To start let's open our Matlab pool, in my case with 4 workers, otherwise our work will be fruitless.

matlabpool open 4

Now we need to tell each available lab their task, which in this case will be the iterations they'll be responsible for. To do that we can use conditions as switch/case or if/elseif to tell each worker to take care of one quarter of the total iterations, N. It is the easiest way to go and the code is easier to interpret. Since it is so simple I'll leave it to you to write it. I, on the other hand, will write the same code but using only one for loop inside the spmd block, as follows:

N = 4000000;
tic
spmd
     for n=labindex:numlabs:N
         point = rand(1,2);
          if norm(point)<=1
             hit = hit + 1;
          end
     end
end
toc

Since each lab has a different labindex and the step is constant the labs will take care of different quarters of the iterations. If you got confused by this I suggest you read this post.
As we run the script we see that it takes around 7 seconds, while the serial version takes around 15/16 seconds to run. This is a major improvement. It is about 2.2 times faster. It is also around the same time we got with parfor. As in our previous examples this ratio is constant, meaning that as we increase the dimension of the simulation the difference between the times of execution will also increase.
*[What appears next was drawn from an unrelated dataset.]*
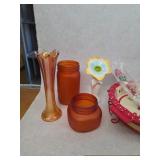 Vintage Temp-Tations Ceramic Pie Pan w/ Purple, White, and Orange Decorations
I won't lose much more time with this, as this code is not very challenging. In this problem there's really no need to use spmd. A parfor loop achieves identical results and is much simpler to implement.
As a general rule whenever you can use parfor you can also use spmd, it just isn't worth it most times.

Cheers!

Retrieving data from composite objects

After you execute some code inside an spmd block you're left with a composite object. Example:

spmd
    y = zeros(1,100);
    for n = labindex:numlabs:100
        y(n) = n;
    end
end

If you run this code you'll be left with two variables in the workspace, y and n. Let's focus on the variable y:

>> whos y
  Name      Size            Bytes  Class      
  y         1x4              1145  Composite  

As you can see we're dealing with a composite object. And what is that? A composite object is pretty similar to a cell array. It has as many elements as the number of labs and each element corresponds to the part of the variable y that is stored in the respective element.

>> y
y =
   Lab 1: class = double, size = [1  97]
   Lab 2: class = double, size = [1  98]
   Lab 3: class = double, size = [1  99]
   Lab 4: class = double, size = [1  100]

You can manipulate a composite object in the same way you deal with a cell array. Running the command y{1} will return the vector y as stored in the first lab.

y{1}
ans =
  Columns 1 through 21
     1     0     0     0     5     0     0     0     9 ...

In our case each lab stores a different portion of the variable. This could not be the case. Various labs can store the same portion of the variable, or no part of it at all.
If you want to know in which workers the variable exists just run the function:

>> exist(y)
ans =
     1     1     1     1

The function exist returns 1 when the variable exists in the respective lab, and 0 otherwise.

There's not much left to say. If you are familiar with cell arrays then then I'm sure you haven't learned anything new. If you didn't then I hope this was enough to get you started.

Cheers. 

Command spmd: How and When

Today I'll talk about the spmd command.
The spmd command is not as easy to implement as parfor but it offers the programmer more control over the code. In comparison to the parfor loop we can highlight that spmd lets us:

• Define which tasks are assigned to each individual worker. 
• Control how data is shared between the workers. 
• See the work of each individual worker. 
• Determine which loop iterations are assigned to each individual worker. 
• Assign not only different data but also different tasks to different workers. 
• Work with distributed arrays.

To put it in a simple way the spmd command allows us to run different programs, or the same program with different inputs. When using this function each worker has a different ID, which you can check by running the command labindex inside an spmd block.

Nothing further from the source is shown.